This issue links to a phenomenon I discovered with professor Barbara Oakley in Learning How to Learn course. By the way, this is a totally recommended free course. Its name is Einstellung, which is a german word that represents the moment when someone cannot advance or find a solution to a problem because this person is stuck with one only preconceived idea that he/she thought must be the solution a priori, but finally is not.
This happens most when you are kind of an expert in the kind of techniques you are trying to apply. First facing the problem, you are so sure you know what will work. At a certain point, you feel that things are not going as foreseen but you keep trying. The tests are each time more and more desperate and you find yourself trying crazy things that you would laugh at if it weren’t you who is doing them. But you are trapped in this brain stew pit.
How do you get out of brain stew?
In these cases, I just need two things
- Stop trying
Sometimes you need to stop trying. If you find yourself in the desperation loop of a brain stew, just stop. Please. Leave it for a moment.
- Take some fresh air
Just like that: rest, change to another topic and return to the problem later or maybe the next day. Uncountable times it has happened to me that the next day I land again to the problem I was dealing with the day before and it is a matter of minutes when I say “Oh, this wasn’t so difficult, was it?”
- Take a piece of paper
This is powerful! Start writing the description of what is happening to you. Like, literally, write what is happening: “I started with this problem, which seemed easy but…”, “Then I tried this an was only worse…”. You cannot imagine how clarifying writing can be. It puts things into perspective, and shows what is the next reasonable thing to do.
How not to get into it?
So far, we’ve seen how to try and leave this mind state if you get trapped in it. But how to avoid it in the first place?

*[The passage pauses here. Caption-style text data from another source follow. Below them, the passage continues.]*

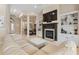 Elegant living room with a fireplace, built-in bookcases, a large white sofa and an adjacent dining room at 7545 Ventura Ct., Myrtle Beach, SC 29572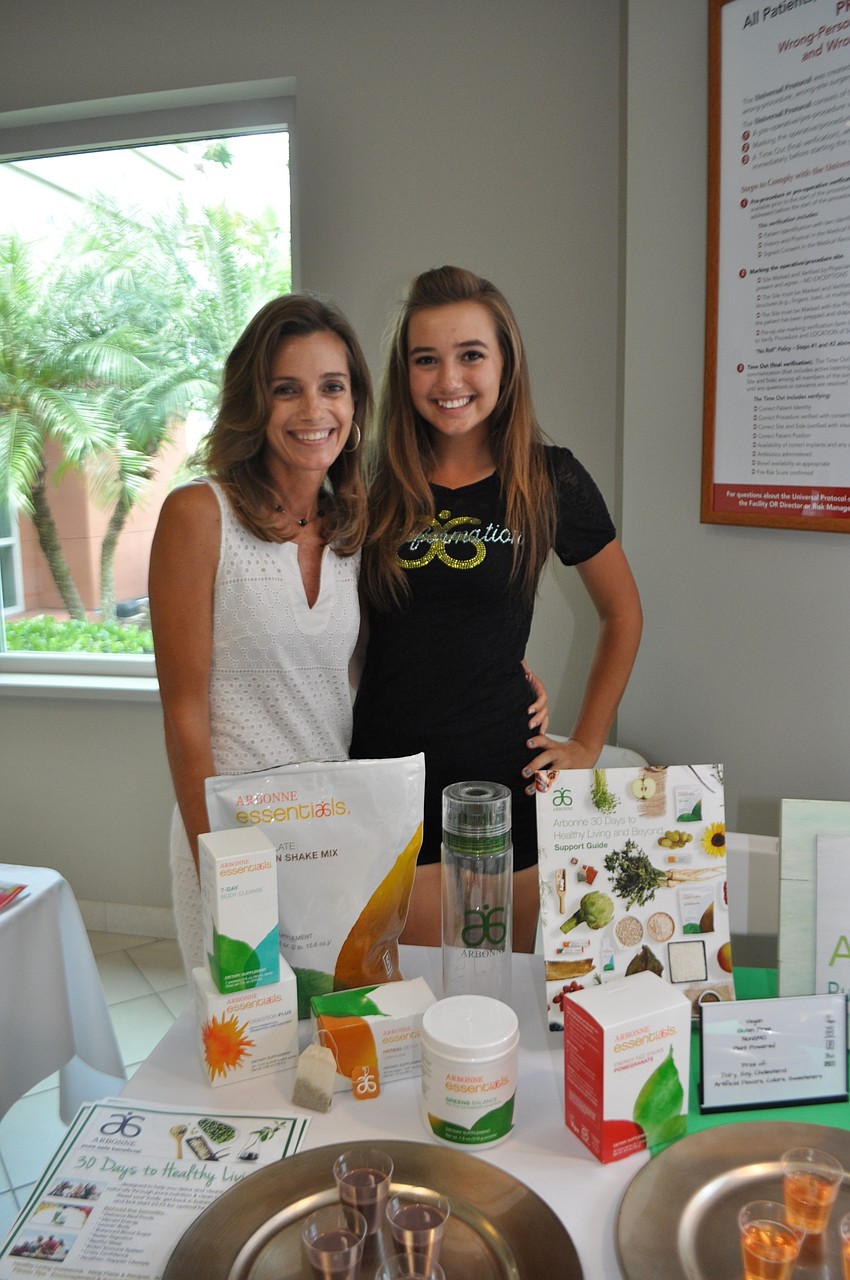 Debra Warren and her daughter, Sophia, represent Arbonne.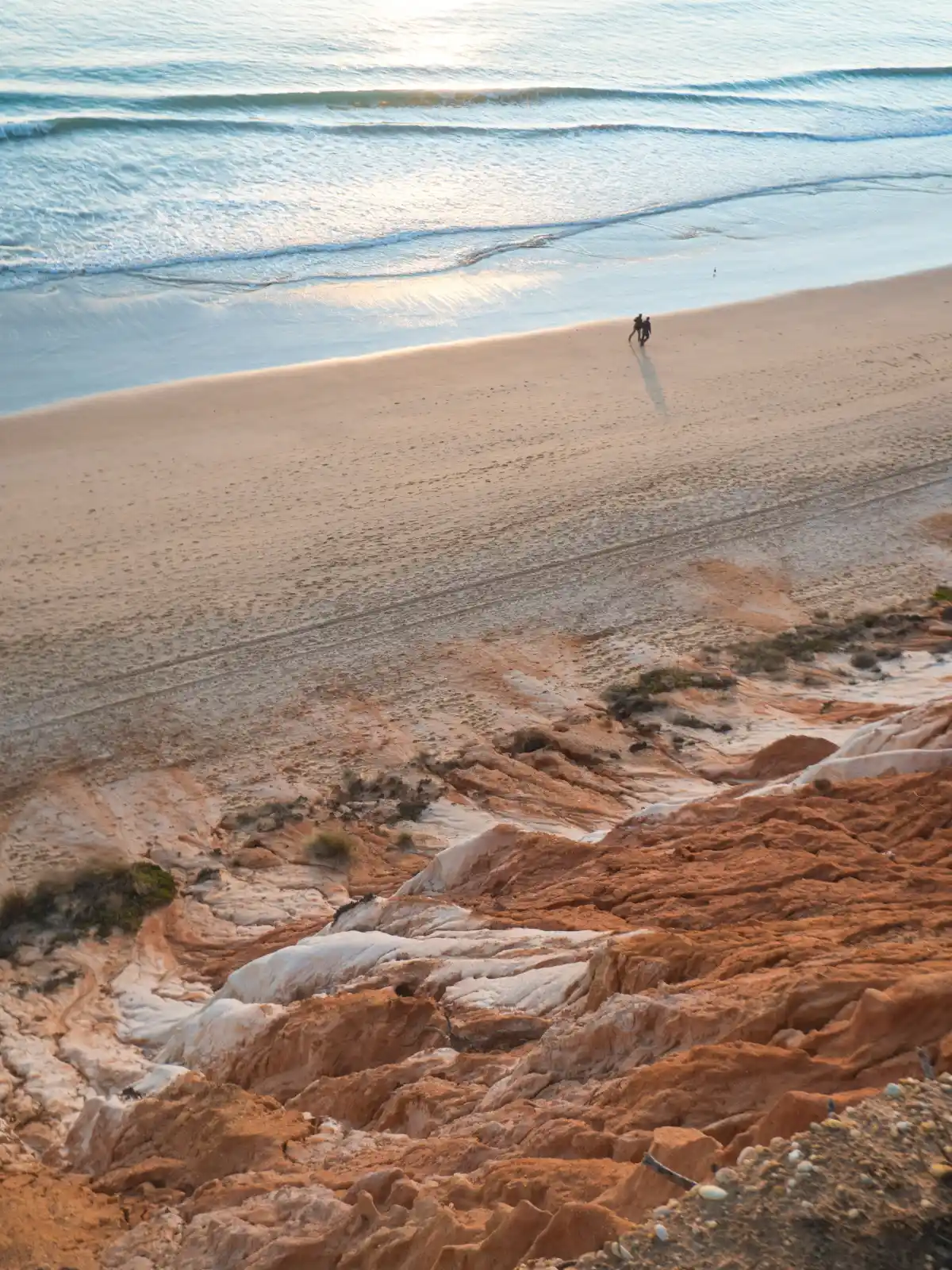 Couple strolls a quiet sunset shoreline beneath striking red-and-white sandstone cliffs of Praia da Falésia.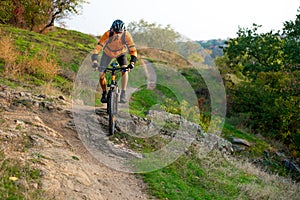 Cyclist in Orange Riding the Mountain Bike on the Autumn Rocky Trail. Extreme Sport and Enduro Biking Concept.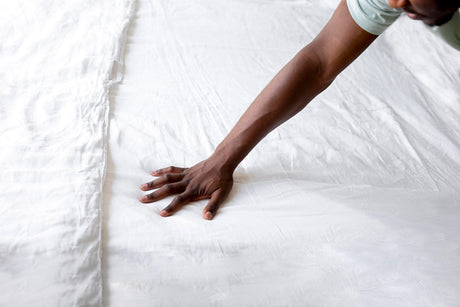 Blog banner of blog How to Measure Mattress Indentation & Sagging: Quick NZ Guide showing a person keeping a hand on a mattress to feel it.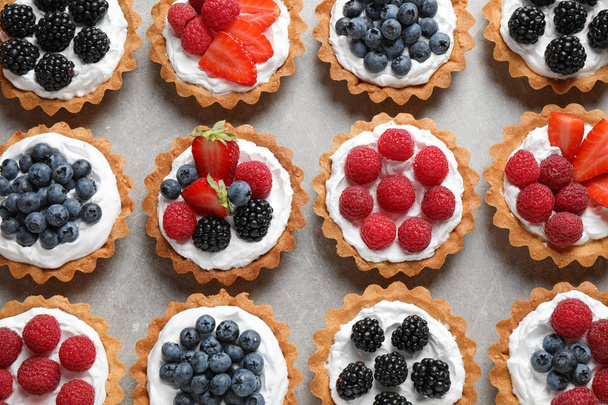 Different berry tarts on table, flat lay. Delicious pastries - Foto, immagini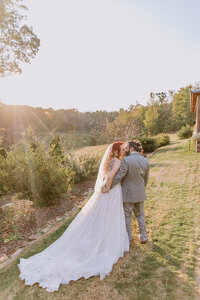 Sunset kiss at North Georgia farm wedding venue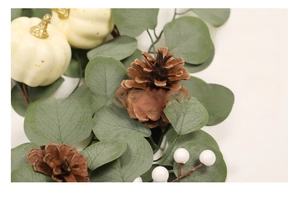 Detail of autumn wreath with white pumpkins, pinecones, berries and eucalyptus leaves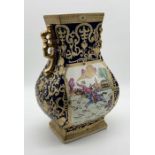 A large Chinese two handled vase with gilt decoration depicting European hunting scenes -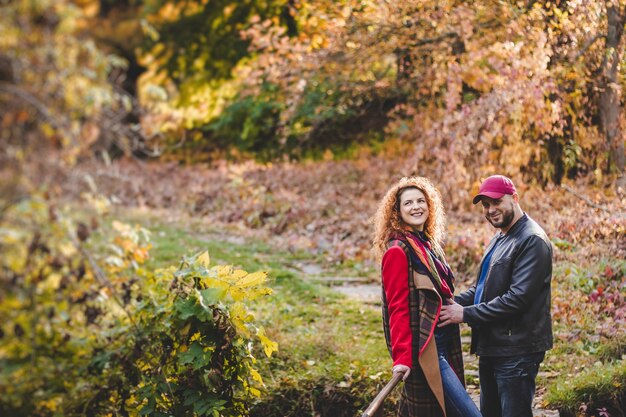 Heureux couple amoureux embrasse et s'amuse à l'extérieur dans le fond de la nature. La femme est enceinte. Heureux nouveaux parents.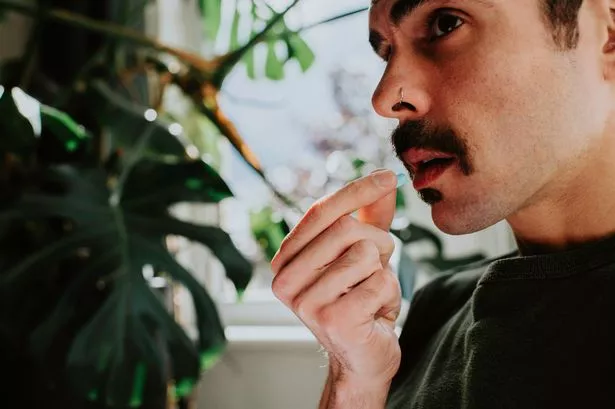 Simple image of a man putting a single blue pill into his mouth.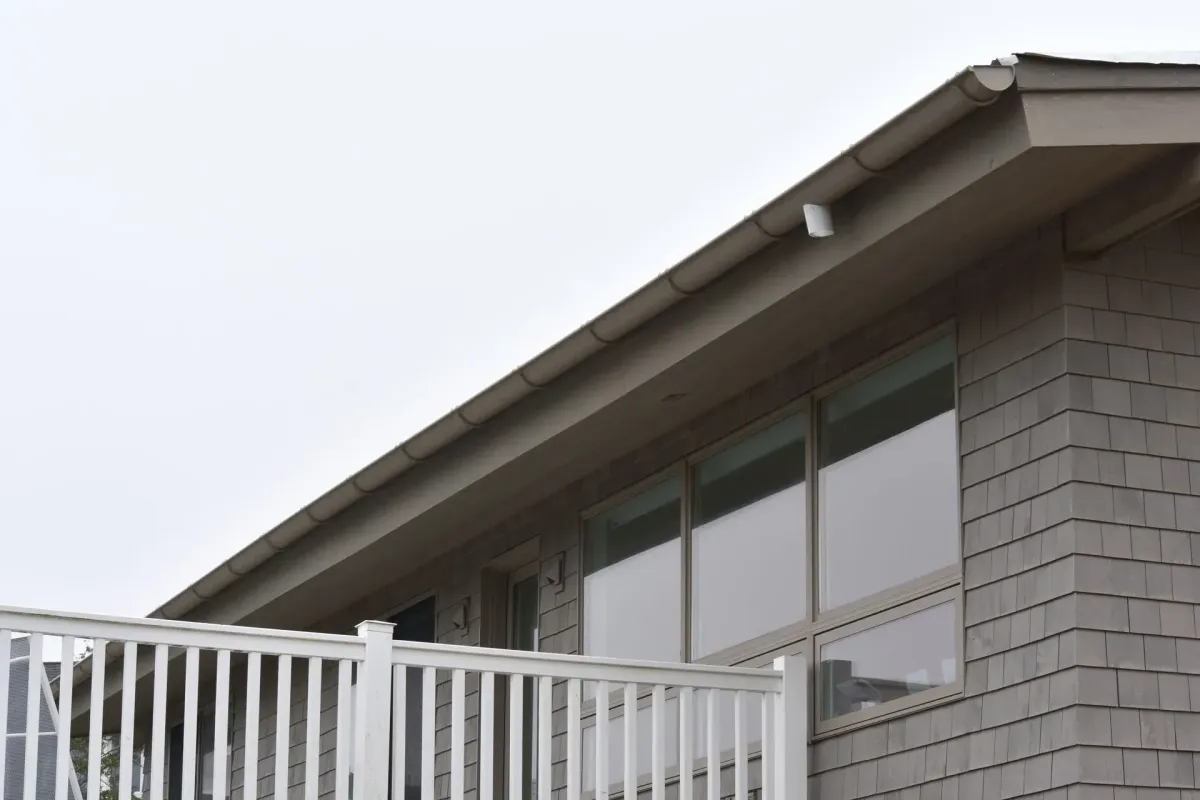 Tan half-round seamless gutter along a shingle-sided roof eave in Glassboro, NJ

For solving this problem, I myself try two things: doing a weekly schedule, and force myself to use just the time I planned for solving a problem and not a minute more (this is very hard when you are immersed in an interesting and/or frustrating topic)
Preparing a weekly template is one of the most surprisingly simple and useful ways to avoid brain stews. If you stick to it, the shadows of brain stew are lost long before they catch you because you are already working on another fresh task. It also helps in covering all the tasks that you foresee along the days—those that are typically kept in the drawer for weeks and weeks. All advantages!